In the first section, the author uses dramatic narration: the story is told by no one. With the disappearance of the narrator, the reader is now the direct and immediate witness to the unfolding drama. The reader views the work from the outside. In the beginning of this story the readers are informed of all the preparations for a man about to be hanged: the set up for the hanging, the characters involved and the surroundings. The narrator gives an incredible and beautiful snapshot of the scene describing the water, the guards, and his restraints. “…Vertical in front of the left shoulder, the hammer rested on the forearm thrown strait across the chest- a formal and unnatural position” (Bierce pg. 90, line 10).
This type of narration is the least personal and the reader receives the least information on the character’s thoughts and feelings. Although the author describes details, the reader has to fill the blanks as to what actions and events lead up to the situation. The reason for this type of narration in the first section of the story is to get the readers curiosity going. One wonders what Peyton Farquhar could have done to be hanged; was he alone in what he did, why is he involved in a military issue when he is a civilian?
In paragraph six and seven and through the second section, the author changes his point of view to one which is third person omniscient: all knowing. The omniscient narrator is not a character in the story and is not involved with what happens. He imposes his presence between the reader and the story and controls all the events. From an outside point of view, the narrator provides enough information to summarize, interpret and wonder. As the story evolves, the reader begins to read thoughts of the characters: Farquhar, his wife and the soldiers. The reader becomes involved in Farquhar’s life as the narrator summarizes his situation. The reader is told of him being a planter and owning slaves, that he is a secessionist and devoted to the Southern cause.
Nevertheless, the narrator leads the reader to believe Farquhar and his wife are kind people, she fetched the water for the soldier to drink with her “own white hands” (Bierce pg.92, line 15) instead of ordering one on her colored slaves to do it. Farquhar’s principles and devotion towards the south is explained in this section and the reader gets to know who he really is. This makes the reader feel sympathetic towards him and his wife. The purpose of the omniscient narrator in the 2nd section is to give information of the characters and to get a glimpse into Farquhars life. The reader finds out how devoted his wife is to her husband. The reader can now relate to Farqhuar and understand how and why he got caught trying to destroy the bridge.
Section three is intended to create suspense. Bierce wants the reader to believe that what is being described actually happens. In order for the reader to believe that what is being described is actually happening, the story must be narrated from the characters point of view (limited omniscient point of view). With a limited omniscient point of view, the narrator limits his or her ability to penetrate the mind of a single character. The reader may be shown the character’s voice, feelings and thoughts through dialogue, monologue or stream of consciousness. As a result, the reader becomes more and more directly involved in interpreting the story.

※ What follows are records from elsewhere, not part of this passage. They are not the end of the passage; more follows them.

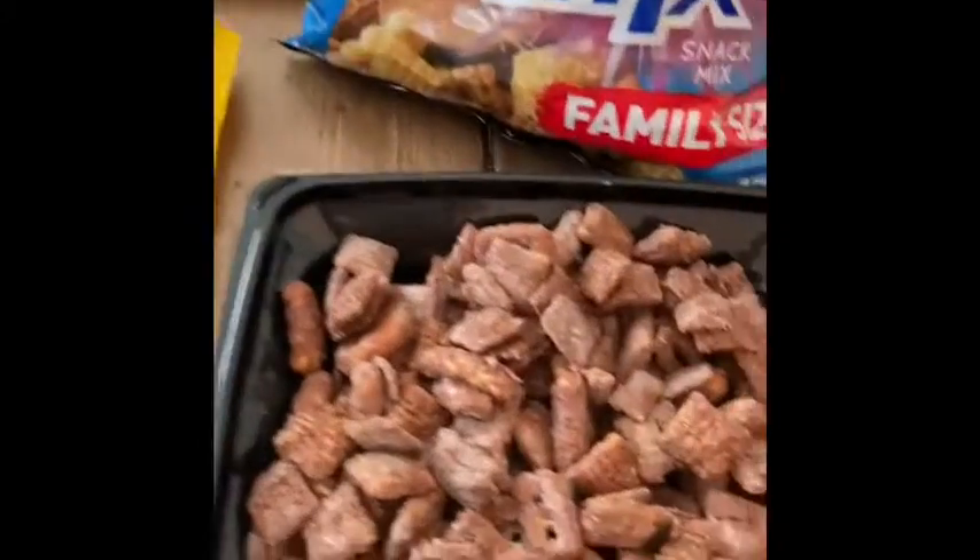Then you can dump the whole mix into a Ziploc bag and shake it. You also add the powdered sugar to the Ziploc bag. Then you have to lay it out on a pan and let it dry. When it dries, it'll look like this.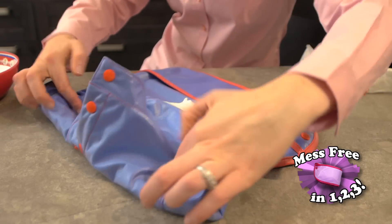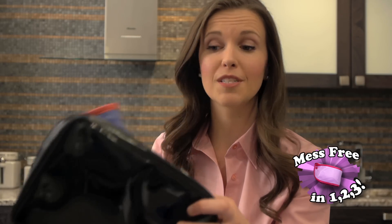In a hurry? Clean it later. Total Bib folds three times, turning into its own carrying pouch. No crumbs or spills in here.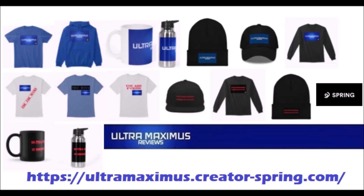Hey guys, Ultra Maximus official merchandise is now available on my Spring Store. Help support the channel and shop by clicking the link below.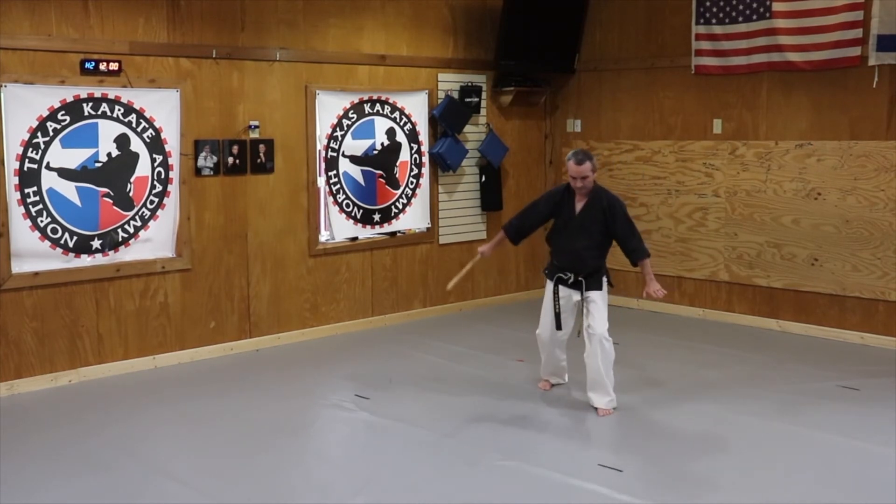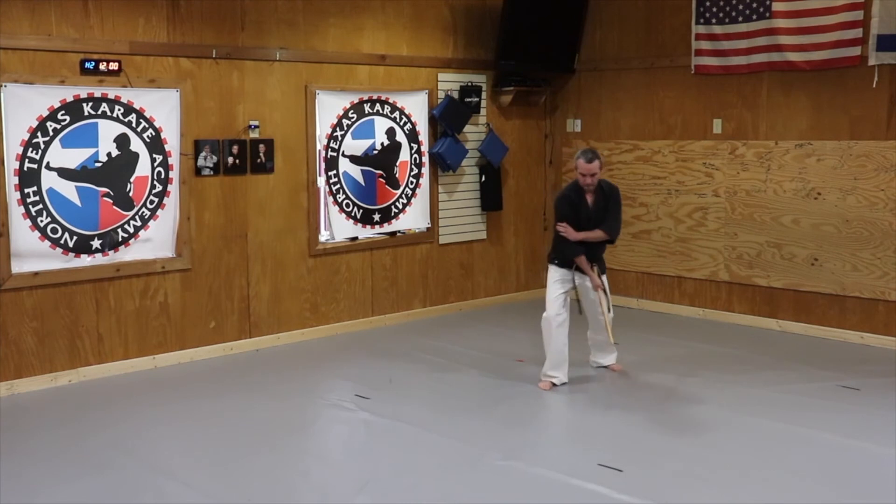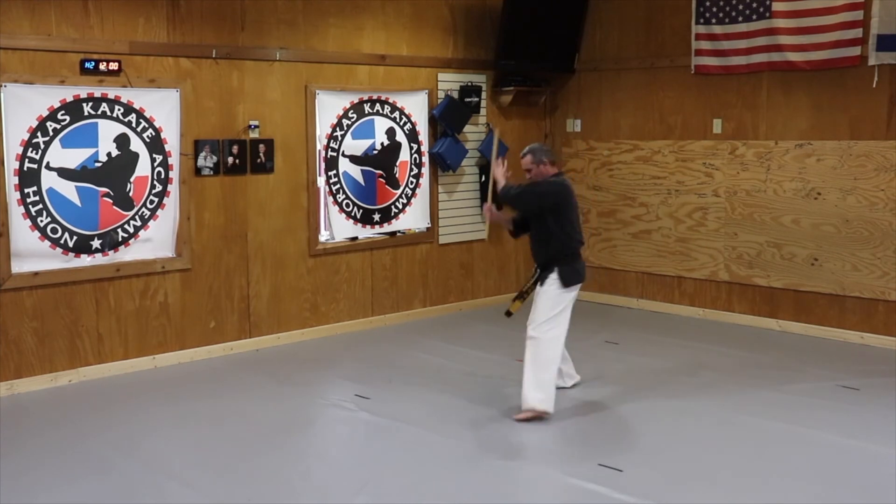I'm going to step back, right leg back, down strike, and do a down strike with my right hand. Stepping with a blocking motion.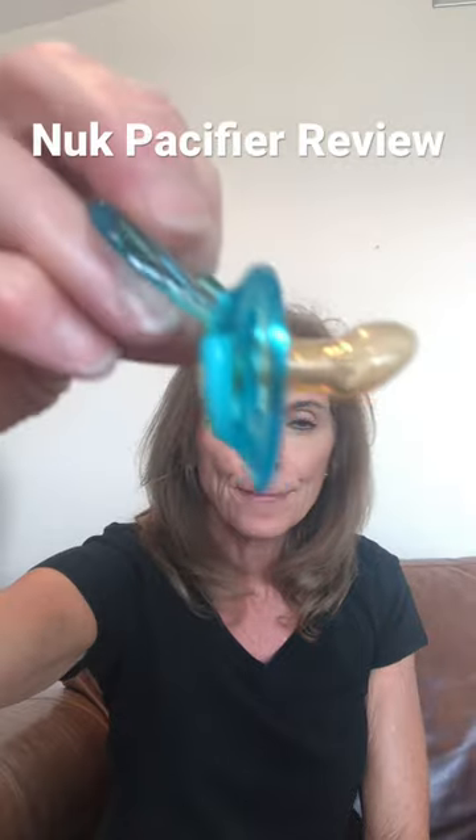Let's talk about the Nook pacifier — that's this one right here. If you look at the shape, see how it's slanted? That's what orthodontists really like, because that creates the tongue sitting more posteriorly in the baby's mouth.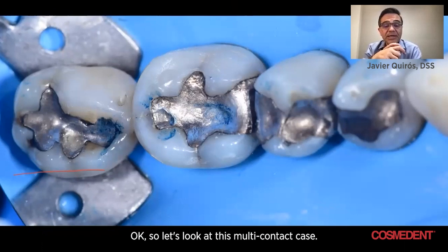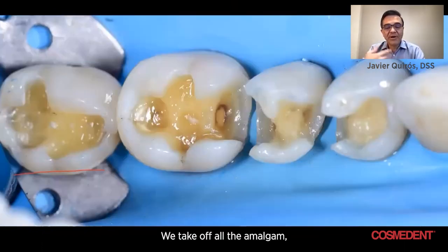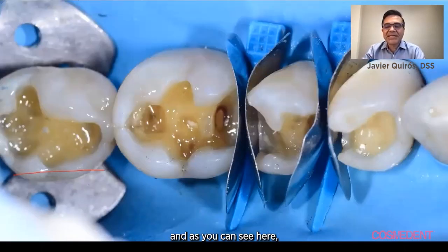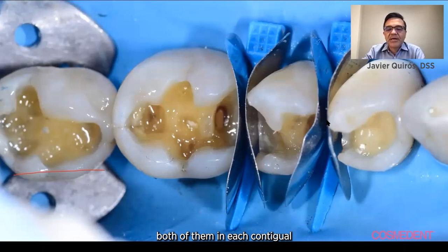So let's look at this multi-contact case. We take off all the amalgam, we isolate with a rubber dam, and as you can see here, we place our cosmeted sectional matrix, both of them, in each contiguous contact box.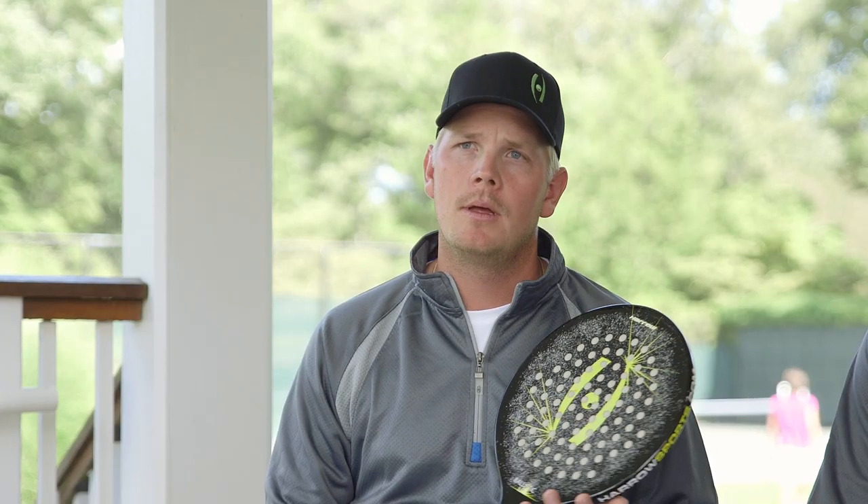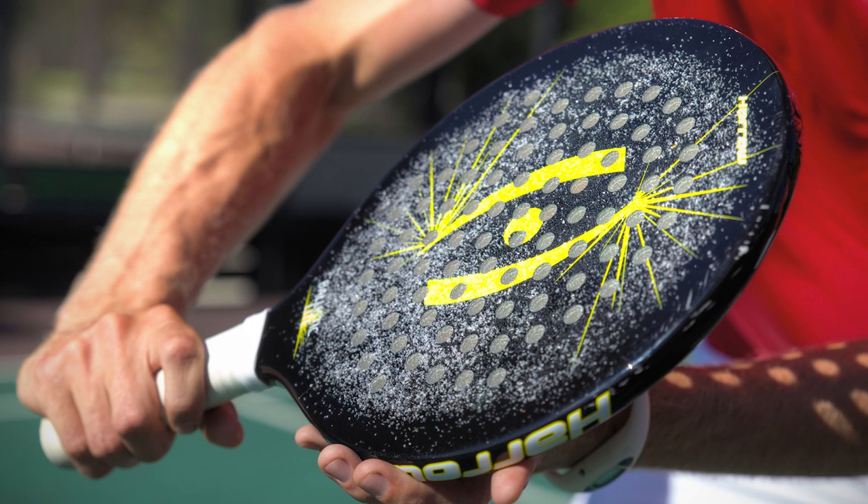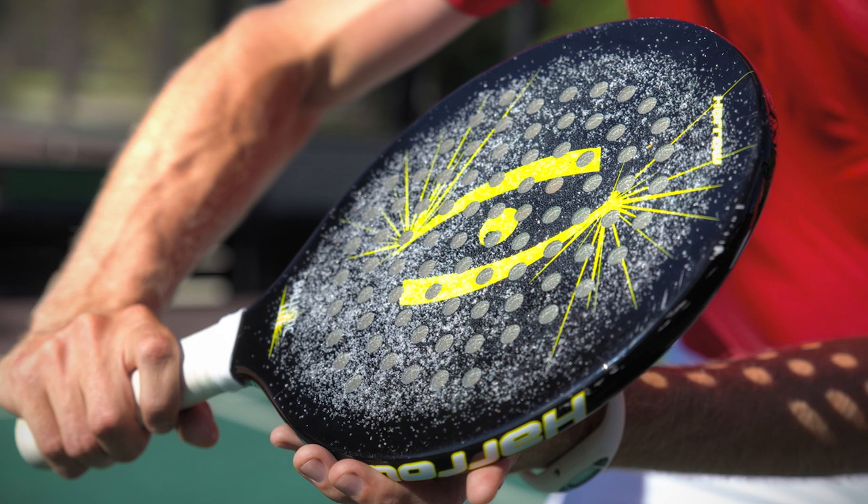For someone that is just picking up the game, the Ballistic Lite would be my choice. The bigger paddle face will make the beginning of the sport a little bit easier, I think.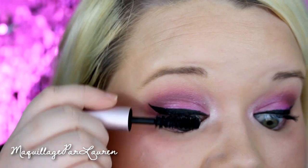For lips, I'm using an Estée Lauder lipstick sample — it came in a pack of four from Sephora. I can't remember the exact color name but it's a standard generic pink. I want something more toned-down since my eyes are so bright. I'm even using the tiny brush it came with, though honestly it's not great. The lip color ends up working really well with this look.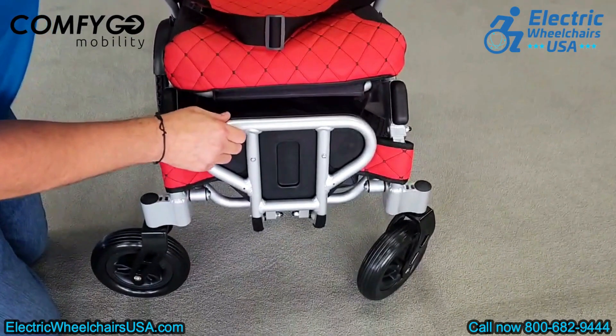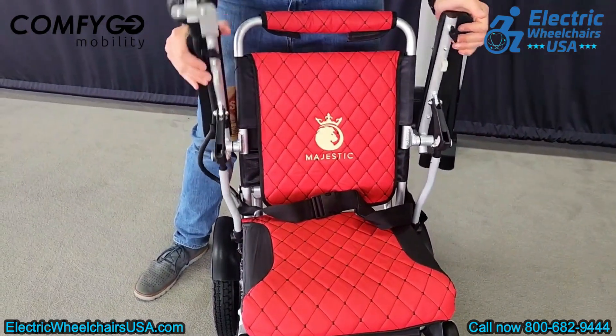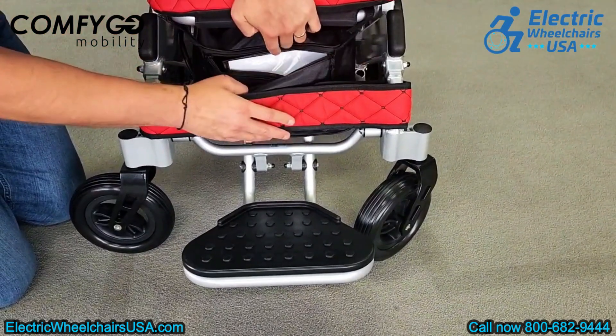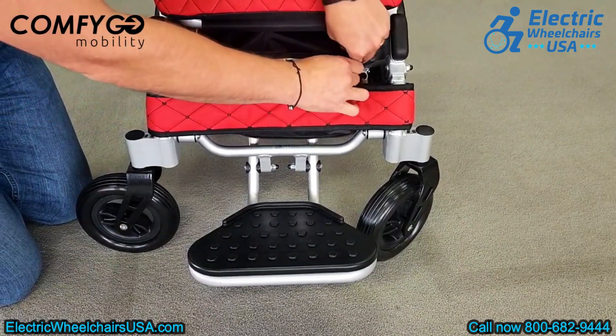The chair features a flip-up footrest and armrests, making it much easier to get in and out of. Underneath the seat, there's a zippered storage pocket where you can store your belongings. We suggest keeping the charger there for easy access.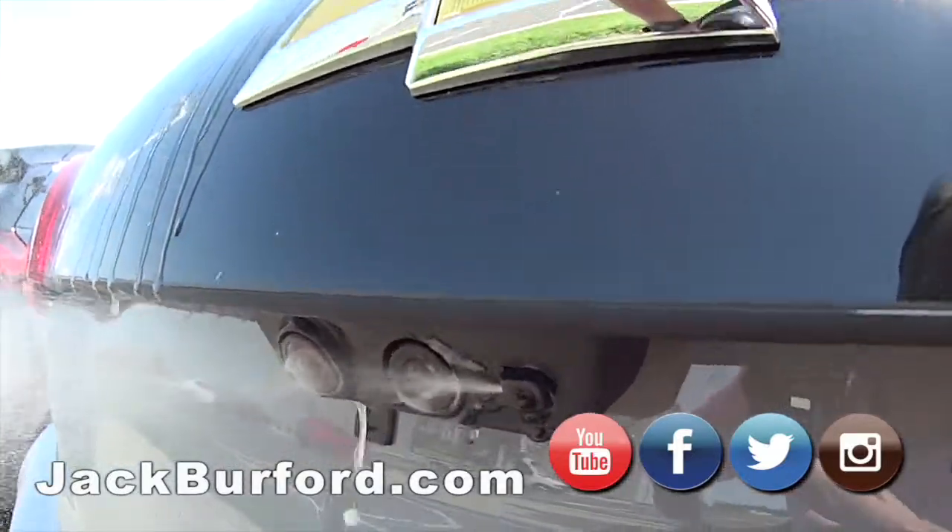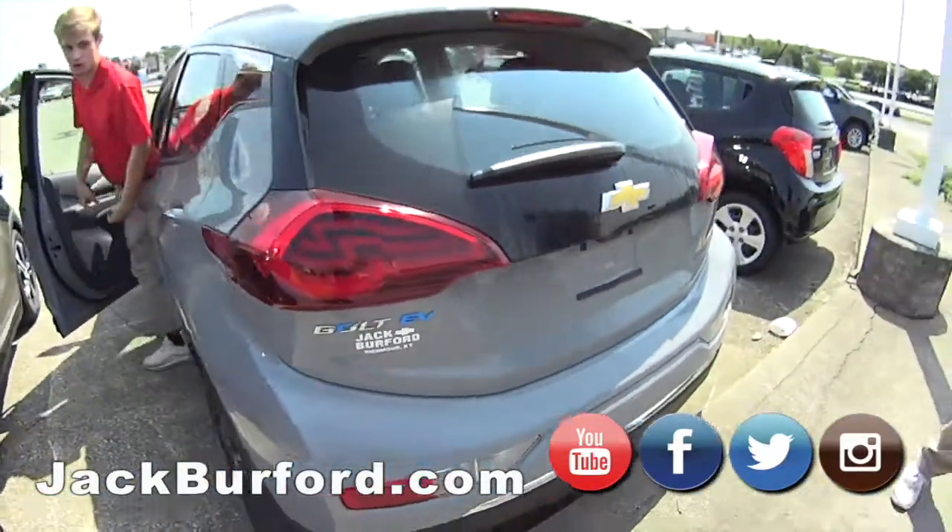One more time. There you go. That is sweet. I think it's so cool. What a car wash.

By using this point of view all of what Farquhar is experiencing seems so real. The advantages of the limited omniscient point of view are the tightness of focus and control that it provides. If the third section was told in an omniscient point of view, the author would have not been able to fool the reader, for he would have “seen” what was really happening. Seeing the whole action and knowing the soldiers thoughts would have given away the ending.
“An Occurrence at Owl Creek Bridge” was written in three different sections, with each having a different narrative form. The first, using dramatic point of view, describes where the action takes place. The second, omniscient point of view lets the reader comprehend the victim’s thoughts and actions. And finally, the third section, limited omniscient point of view creates suspense by being only in one mind. With the ability to switch from one form to another, Bierce was able to create a tale of intrigue, captivation and a twist-ending.